■ **EXERCISE BRIEF**
Return every line of the data below exactly, but do not include the images.

■ **DATA**
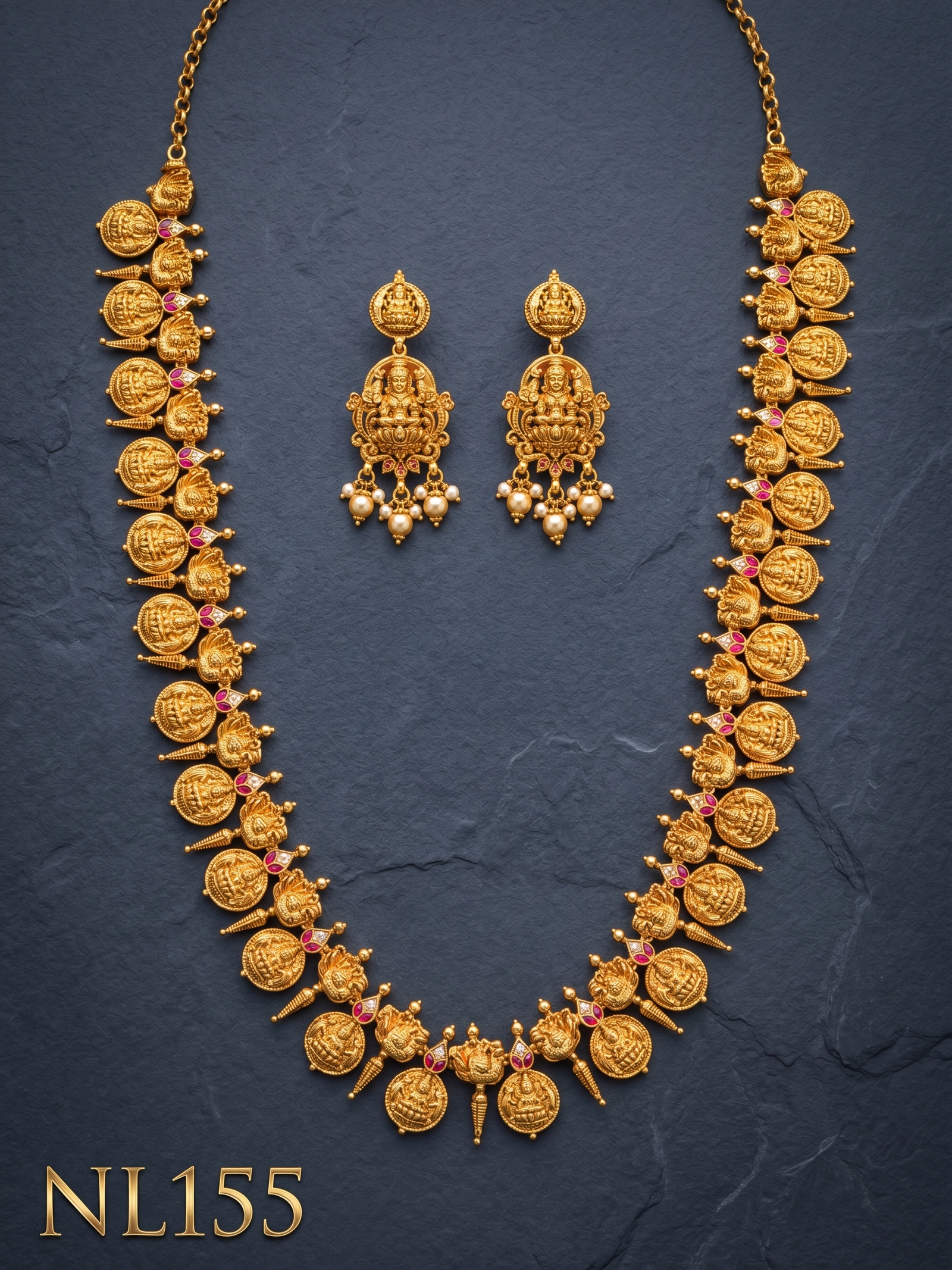 Nakshi Model Necklace With Ear Rings-NL155 - Image 2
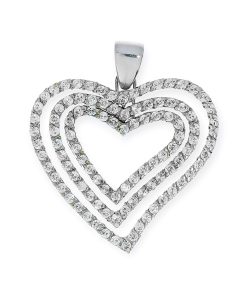 Star juwelier | Gouden Hanger Hart Zirkonia Witgoud 14 karaats | Nu te koop bij 14Karaats.nl | 10001091-Pendants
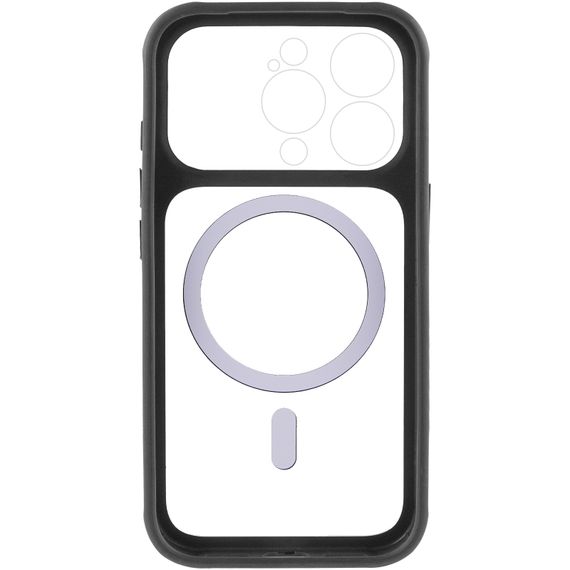 Чохол TPU+PC GETMAN Moon Clear with Magnetic Fit для Apple iPhone 15 Pro (6.1") Black | Зображення 3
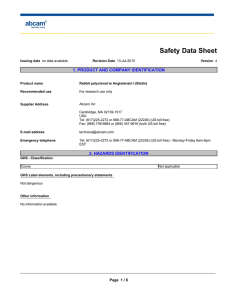 Safety Data Sheet 1. PRODUCT AND COMPANY IDENTIFICATION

■ **RESULT FOR THIS EXERCISE**
 Nakshi Model Necklace With Ear Rings-NL155 - Image 2
 Star juwelier | Gouden Hanger Hart Zirkonia Witgoud 14 karaats | Nu te koop bij 14Karaats.nl | 10001091-Pendants
 Чохол TPU+PC GETMAN Moon Clear with Magnetic Fit для Apple iPhone 15 Pro (6.1") Black | Зображення 3
 Safety Data Sheet 1. PRODUCT AND COMPANY IDENTIFICATION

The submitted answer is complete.